Es war die 175. Auflage des wohl berühmtesen – und berüchtigsten – Hindernisrennens der Welt, das von 13.–15. April in Aintree nahe Liverpool über die Bühne ging, und es war ein Rennen, das wohl noch lange in Erinnerung bleiben wird: Wohl noch nie zuvor waren so umfangreiche Proteste von Tierschutz-Aktivisten angekündigt worden – und wohl noch nie zuvor gab es ein so großes Polizeiaufgebot, um diese Proteste kontrollieren zu können. Doch das gelang nur teilweise, wie vor allem die Ereignisse beim Hauptrennen – dem Grand National am Samstag, den 15. April – zeigen sollten.

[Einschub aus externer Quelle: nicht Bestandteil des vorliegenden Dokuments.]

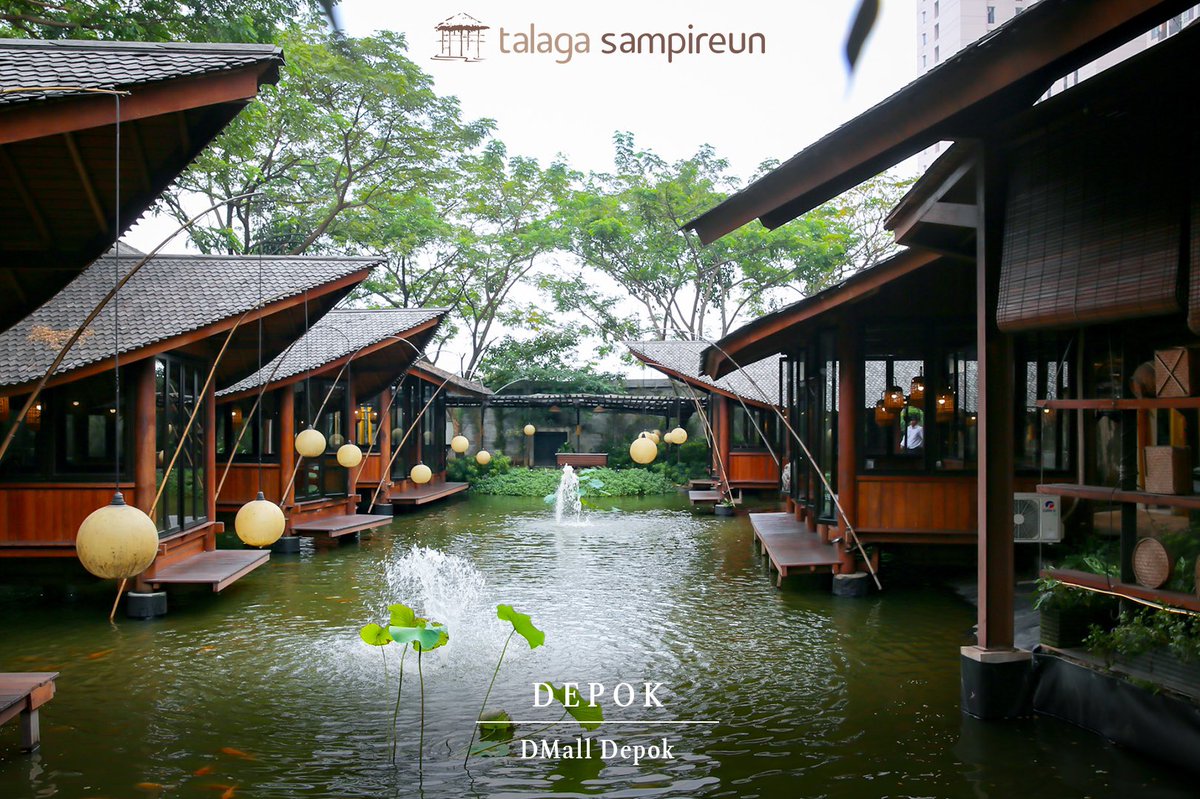 Hidden Gem Depok✨

Angin sepoi sepoi enak banget buat healing menjauh dari kesibukkan dan kemacetan

#TalagaSampireunDMall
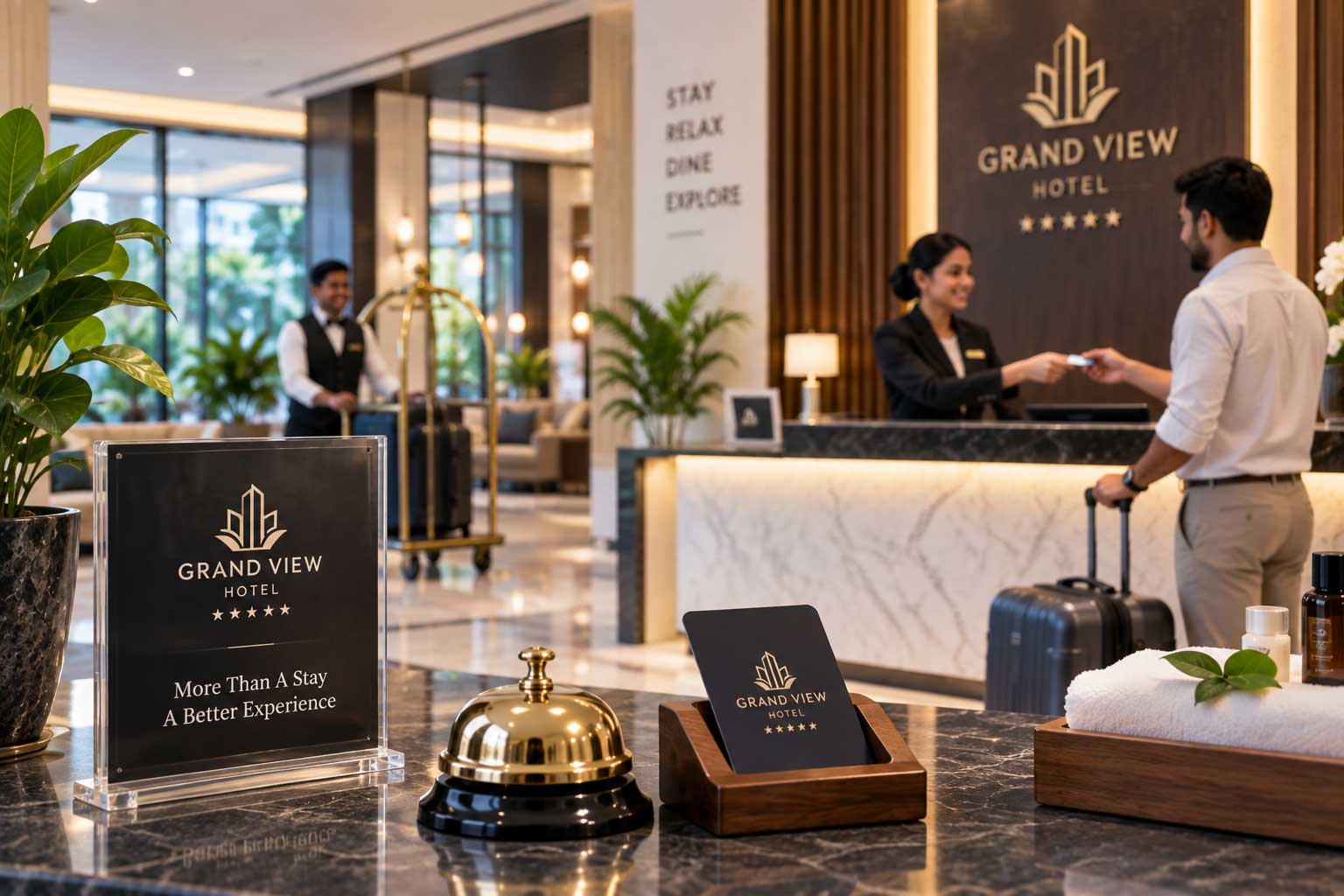 Hotel Guest Experience Suite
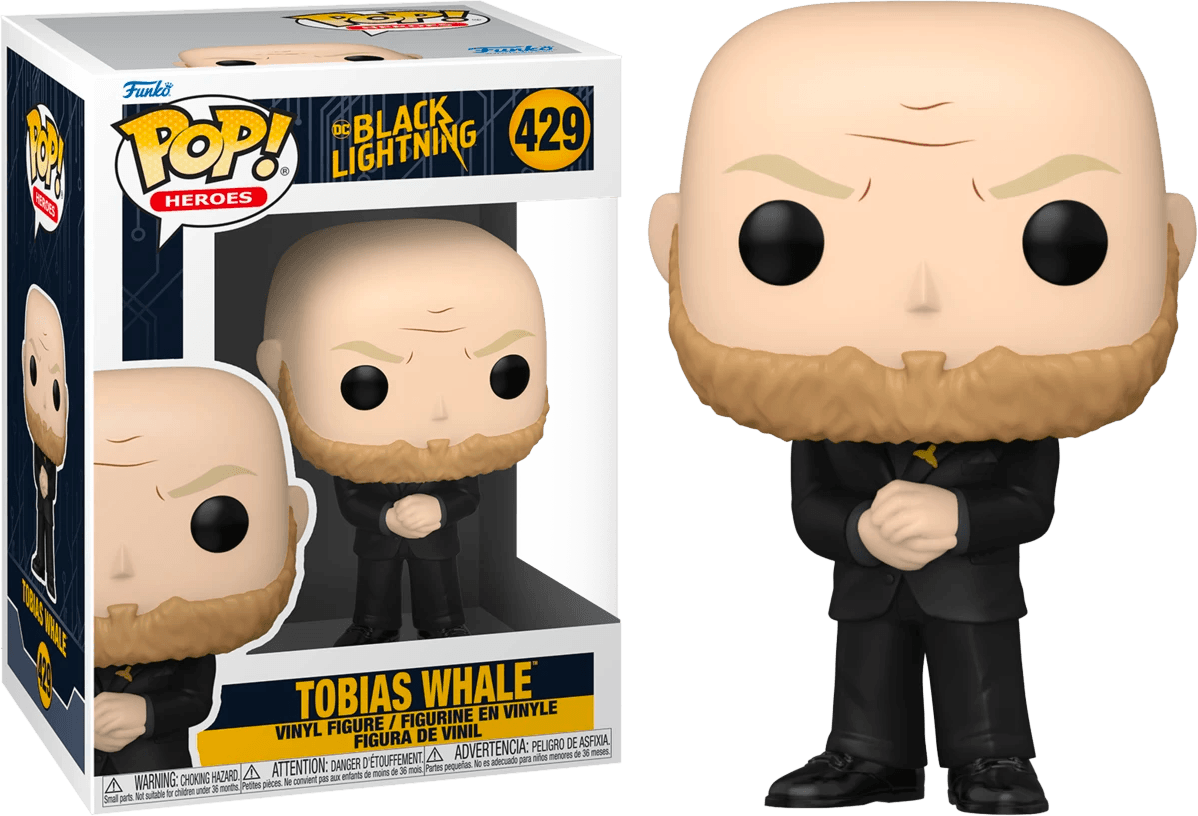 FUN57592 Black Lightning - Tobias Whale Pop! Vinyl - Funko - Titan Pop Culture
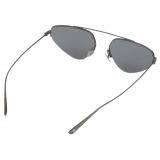 Ferrari - Ferrari Sunglasses in Black Titanium with Grey Lenses - Sunglasses - Ferrari Eyewear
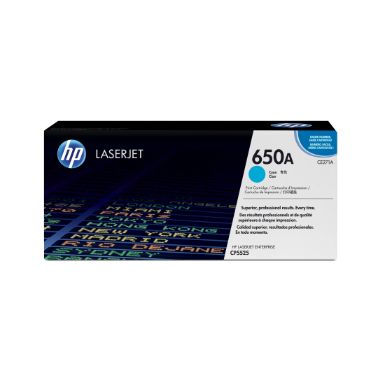 HP CE271A/650A Toner cartridge cyan, 15K pages ISO/IEC 19798 for HP CLJ CP 5525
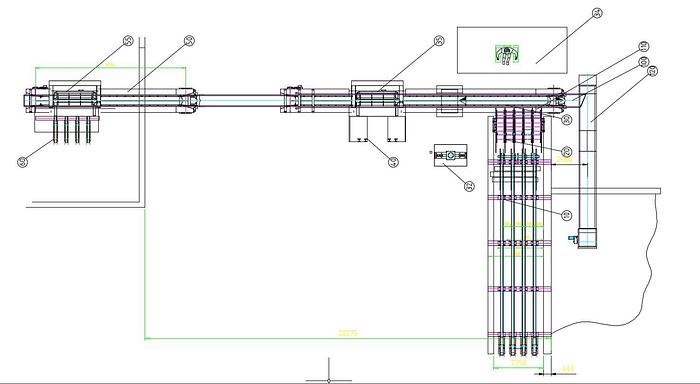 Gebruikt M-TEC rondhoutplaats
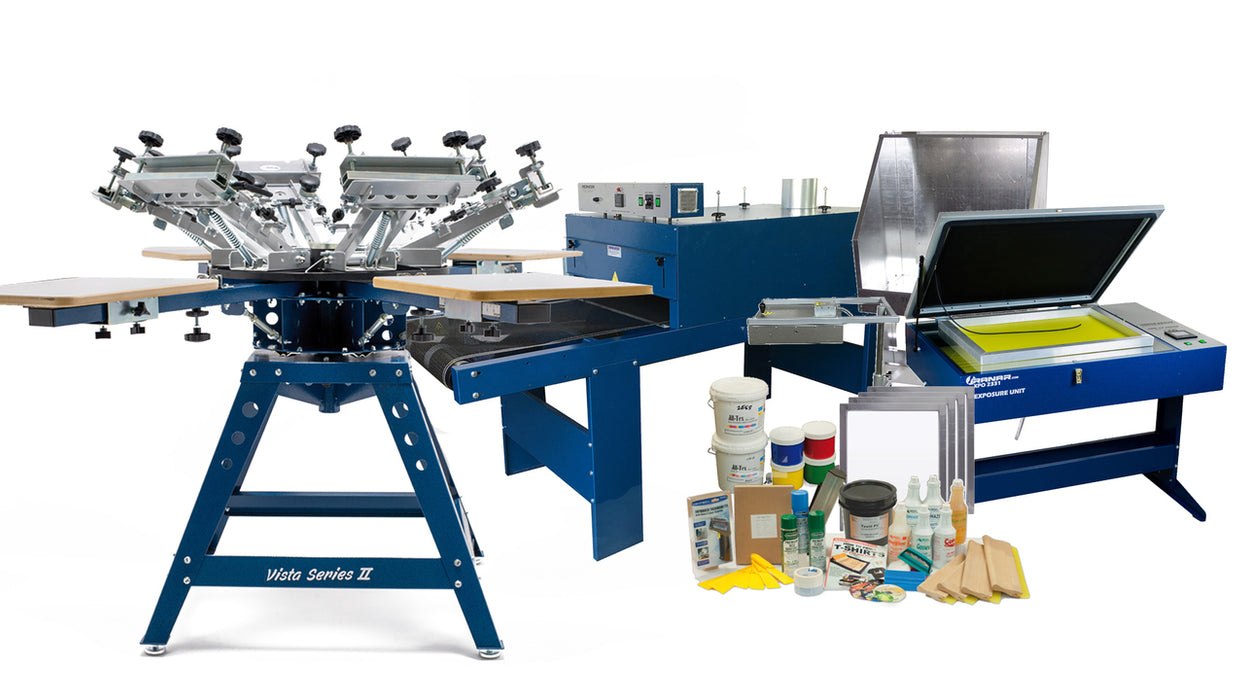 RANAR Primo Screen Printing Package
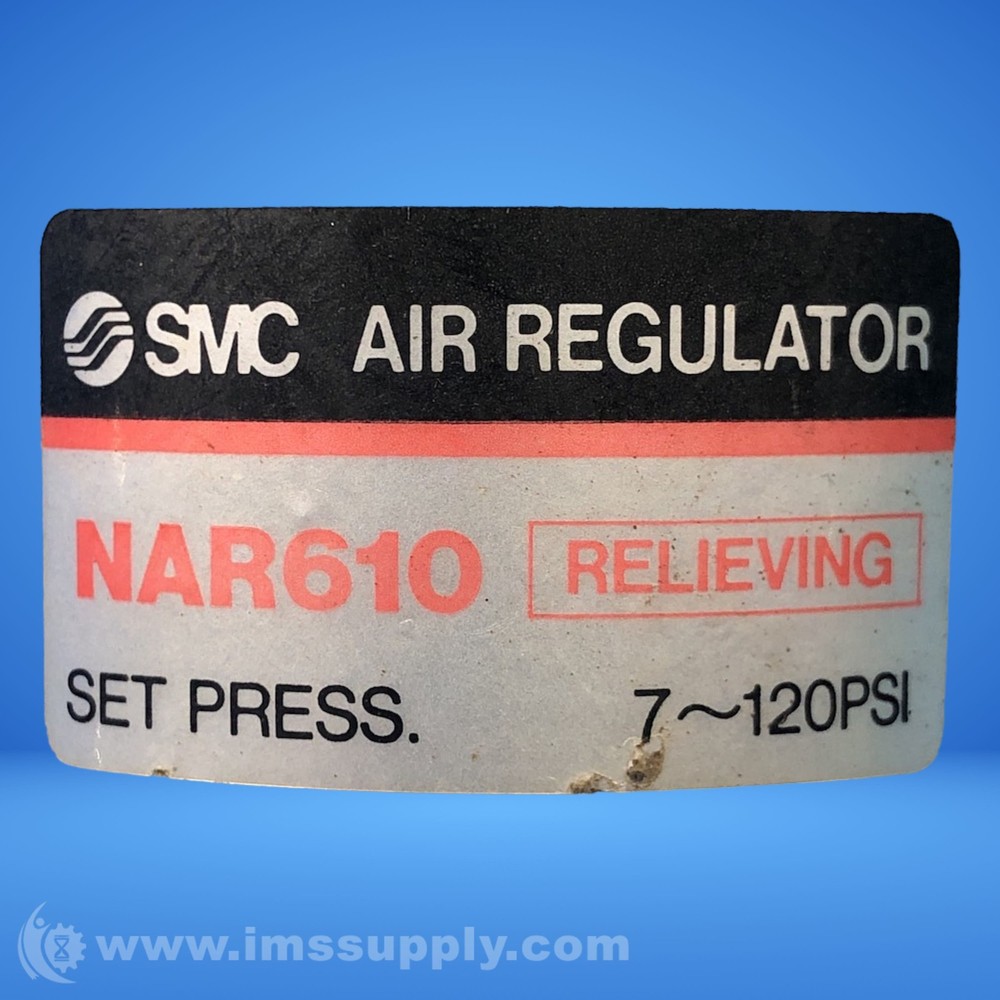 SMC NAR610 Regulator, Modular USIP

Die Organisation ,Animal Rising’ hatte zum Großangriff auf das Rennen geblasen und eine Petition gestartet, in der das endgültige Aus des Rennens gefordert wurde (,Protect Animals: Cancel the Grand National’) – ein Anliegen, das bislang immerhin mehr als 16.000 Personen unterstützt haben. Wenige Tage vor dem Event waren auch Pläne bekannt geworden, das Rennen durch gezielte friedliche Aktionen zu sabotieren bzw. eine Durchführung unmöglich zu machen, was zu einer massiven Aufstockung der Polizeikräfte geführt hatte.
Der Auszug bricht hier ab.